**WHAT THE EXERCISE ASKS**
In the records below, find the line that contains "MDMA Богородицк" and the line that contains "Sea Buckthorn Dry Berry Powder", then retype exactly those two lines and every line between them.

**GIVEN RECORDS**
┏━━

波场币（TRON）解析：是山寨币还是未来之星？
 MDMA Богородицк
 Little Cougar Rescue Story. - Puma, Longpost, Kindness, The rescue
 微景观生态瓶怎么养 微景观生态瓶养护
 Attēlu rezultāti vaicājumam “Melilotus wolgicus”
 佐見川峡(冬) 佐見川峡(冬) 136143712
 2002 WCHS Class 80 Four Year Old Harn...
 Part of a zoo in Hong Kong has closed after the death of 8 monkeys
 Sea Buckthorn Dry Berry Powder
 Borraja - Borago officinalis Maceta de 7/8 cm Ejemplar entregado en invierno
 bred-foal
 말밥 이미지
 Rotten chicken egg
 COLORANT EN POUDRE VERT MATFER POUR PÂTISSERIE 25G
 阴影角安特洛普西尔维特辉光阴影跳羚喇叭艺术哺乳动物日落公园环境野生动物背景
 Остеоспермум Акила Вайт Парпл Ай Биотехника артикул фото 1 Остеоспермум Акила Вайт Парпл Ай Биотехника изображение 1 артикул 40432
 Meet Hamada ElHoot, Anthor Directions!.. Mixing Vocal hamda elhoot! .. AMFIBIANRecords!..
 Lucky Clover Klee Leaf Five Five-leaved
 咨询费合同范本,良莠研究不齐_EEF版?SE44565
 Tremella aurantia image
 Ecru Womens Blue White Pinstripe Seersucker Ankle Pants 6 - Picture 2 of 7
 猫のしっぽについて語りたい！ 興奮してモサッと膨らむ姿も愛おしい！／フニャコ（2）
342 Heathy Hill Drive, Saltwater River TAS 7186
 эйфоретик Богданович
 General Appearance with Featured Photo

┗━━

**ANSWER BOX**
 MDMA Богородицк
 Little Cougar Rescue Story. - Puma, Longpost, Kindness, The rescue
 微景观生态瓶怎么养 微景观生态瓶养护
 Attēlu rezultāti vaicājumam “Melilotus wolgicus”
 佐見川峡(冬) 佐見川峡(冬) 136143712
 2002 WCHS Class 80 Four Year Old Harn...
 Part of a zoo in Hong Kong has closed after the death of 8 monkeys
 Sea Buckthorn Dry Berry Powder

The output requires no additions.